◆ Exercise brief:
Reproduce, unchanged, the lines between the one holding "St. Thomas Memorial Episcopal Church Pulpit" and the last line of the records, including both ends, but no pictures.

== Given records

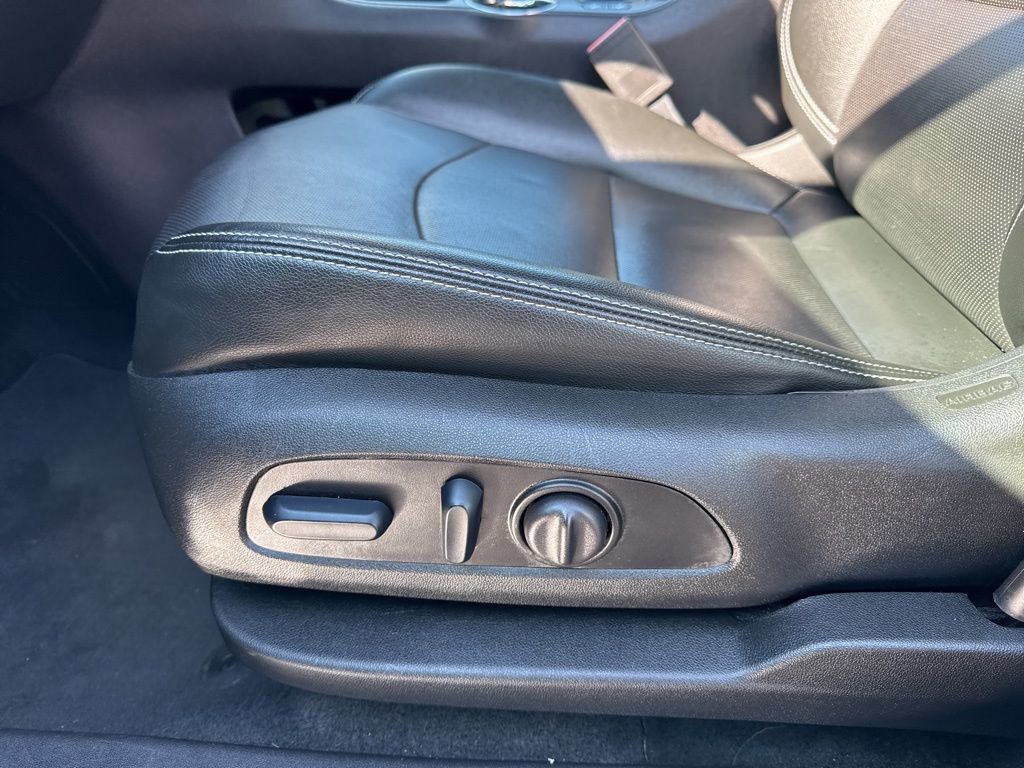 Used 2024 GMC Terrain SLT image 26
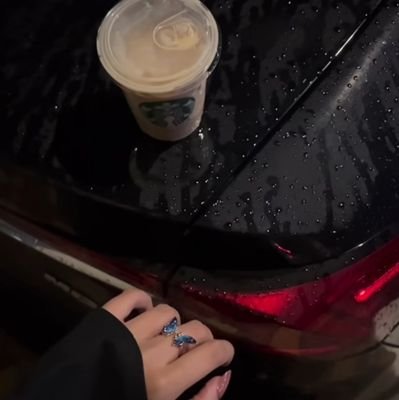 rr21__0's profile picture. وما نحن في هذه الدنيا الا ضيوف وما على الا ضيوف الا الرحيل ✨🤍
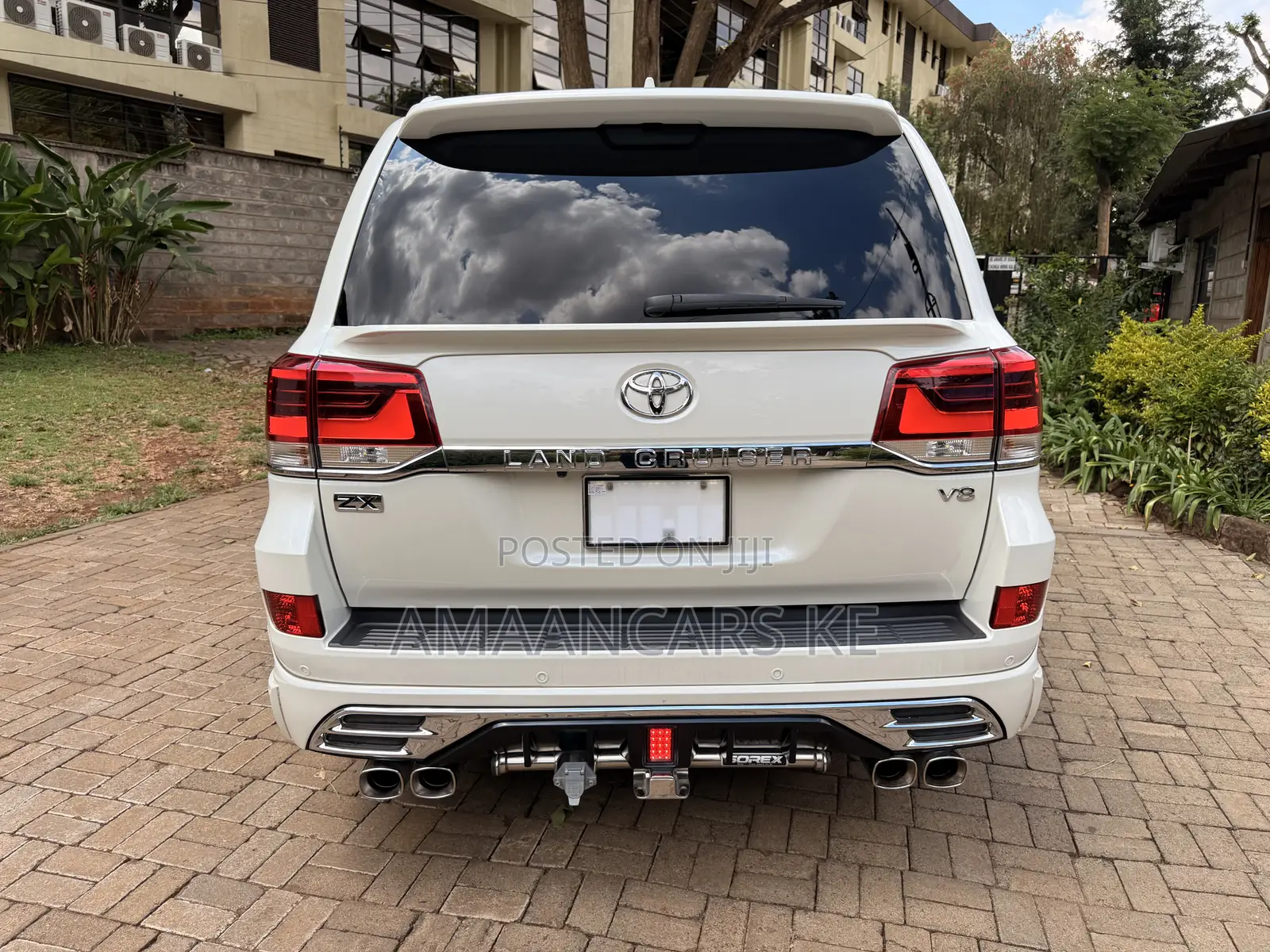 Toyota Land Cruiser 4.6 V8 ZX 2020 White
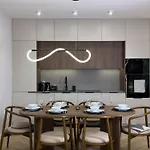 Apartment Urban Global - Jacuzzi -8th Floor No 03 - Free Garage - Luxury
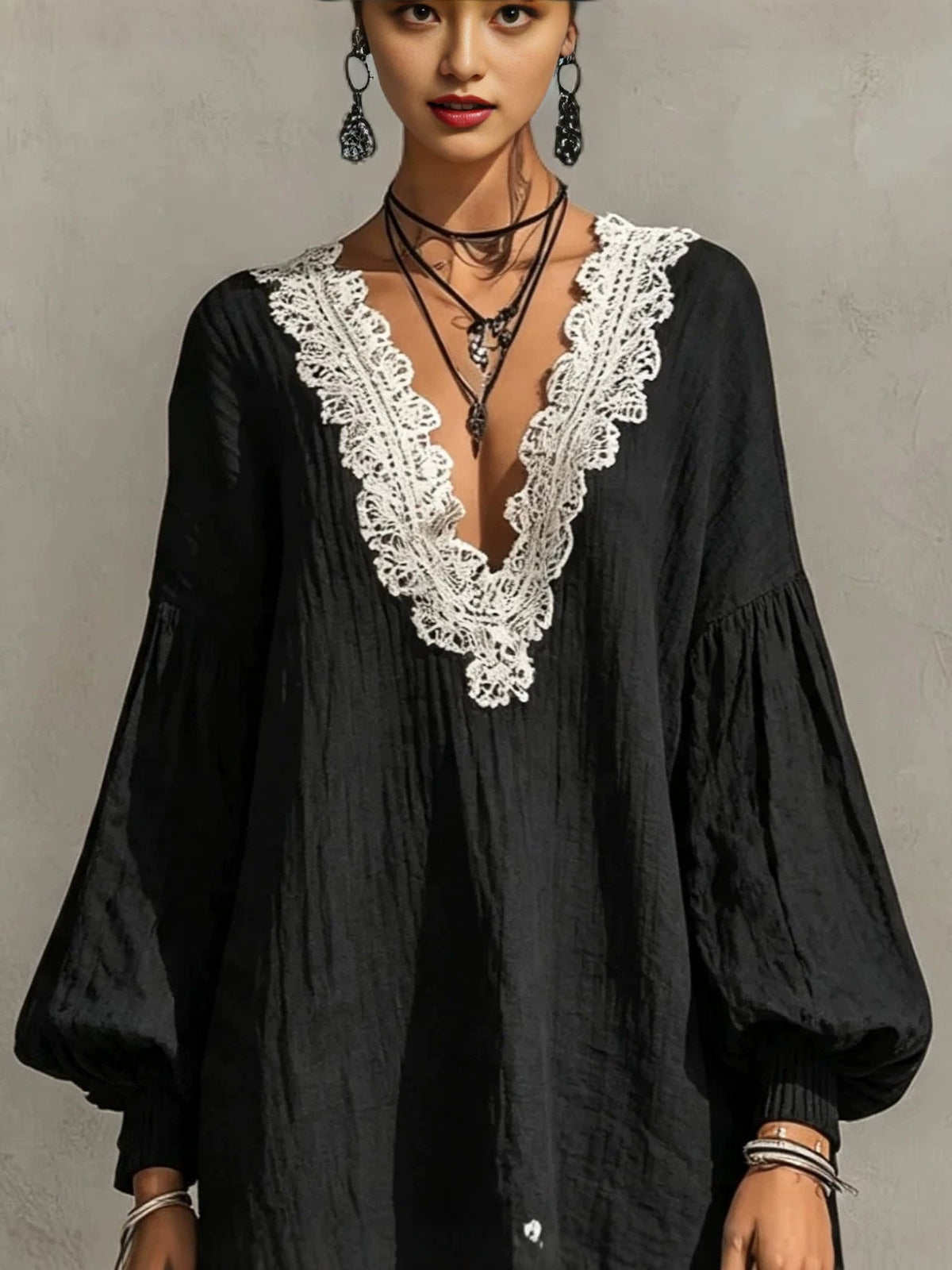 Mini-robe tunique froissée noire à bords en dentelle contrastante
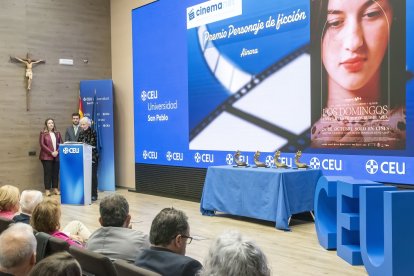 CinemaNet, de Los Domingos, premió específicamente el personaje fascinante y enigmático de Ainara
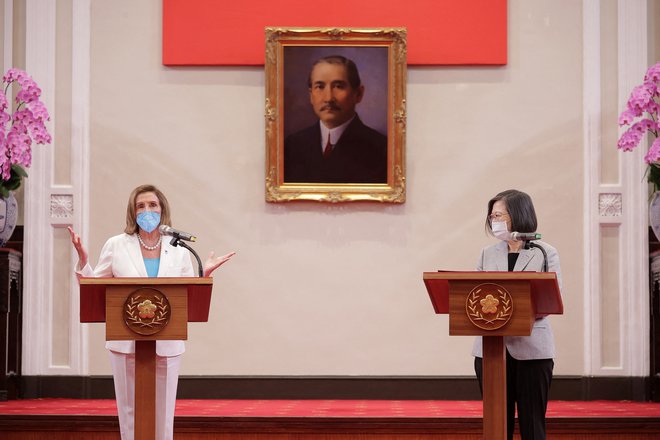 Vodja predstavniškega doma ameriškega kongresa Nancy Pelosi med novinarsko konferenco s tajvansko predsednico Tsai Ing-wen v Tajpeju. FOTO: Reuters
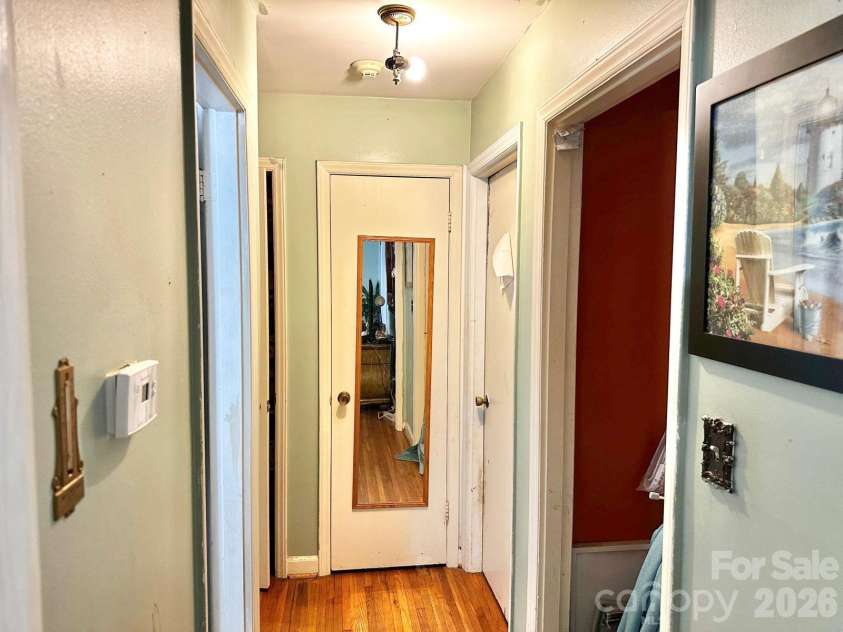 310 Hollis Road, Charlotte, NC 28209.  MLS# CAR4343083, YatesRealty ID 1666. 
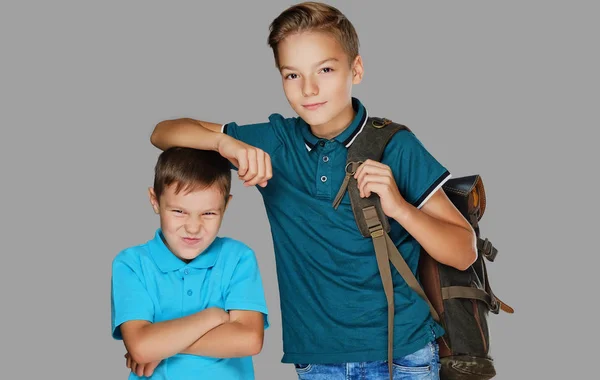 Boy put his arm on angry small boy — Stock Photo, Image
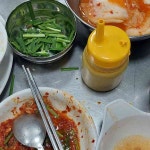 명동닭한마리, 40년 전통의 닭육수와 칼국수의 환상조화 - AI 딩코의 맛집 공략
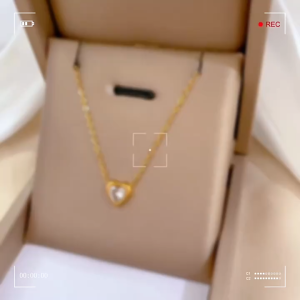 KALUNG TITANIUM LOVE PERMATA PADAT ANTI KARAT & ANTI LUNTUR (COD)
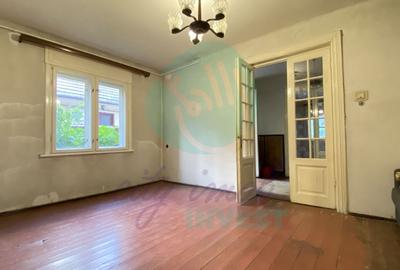 Apartament cu 3 camere în Decebal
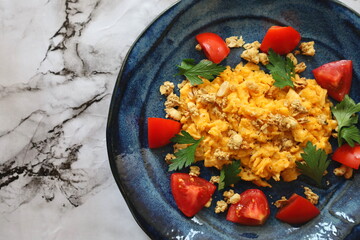 scrambled eggs and tomatoes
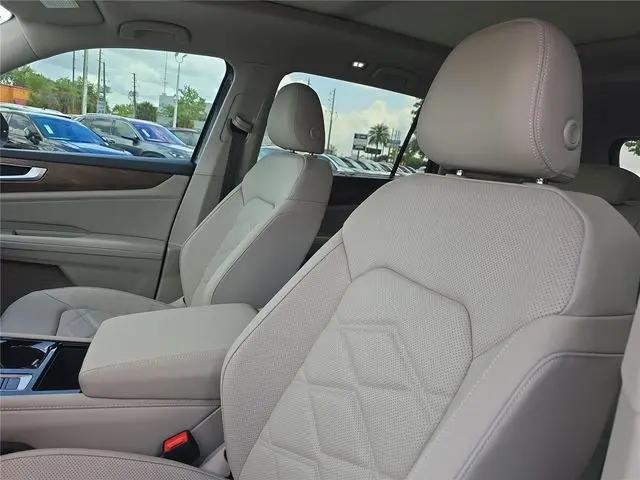 2026 Volkswagen Atlas SE with Technology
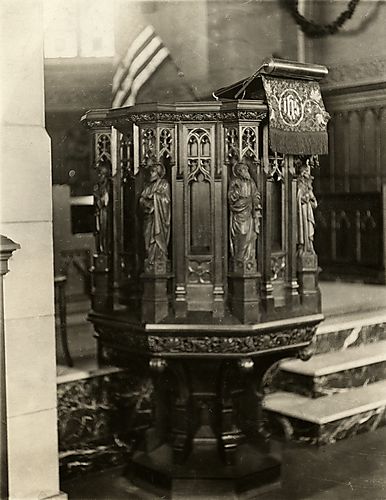 St. Thomas Memorial Episcopal Church Pulpit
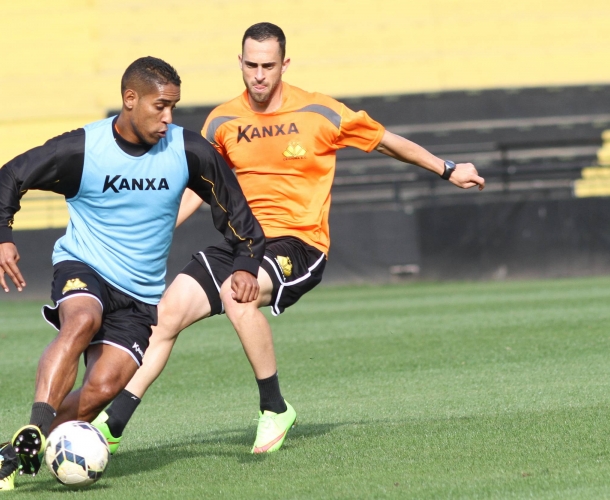 Tigre recebe o Atlético-PR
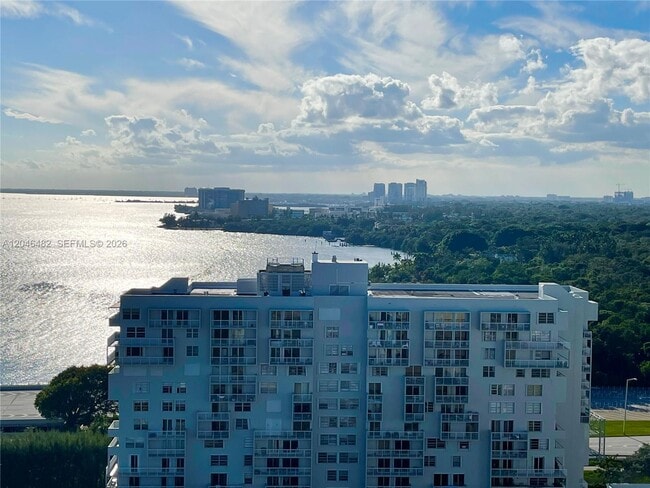 Building Photo - 2451 Brickell Ave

====

◆ Expected output:
 St. Thomas Memorial Episcopal Church Pulpit
 Tigre recebe o Atlético-PR
 Building Photo - 2451 Brickell Ave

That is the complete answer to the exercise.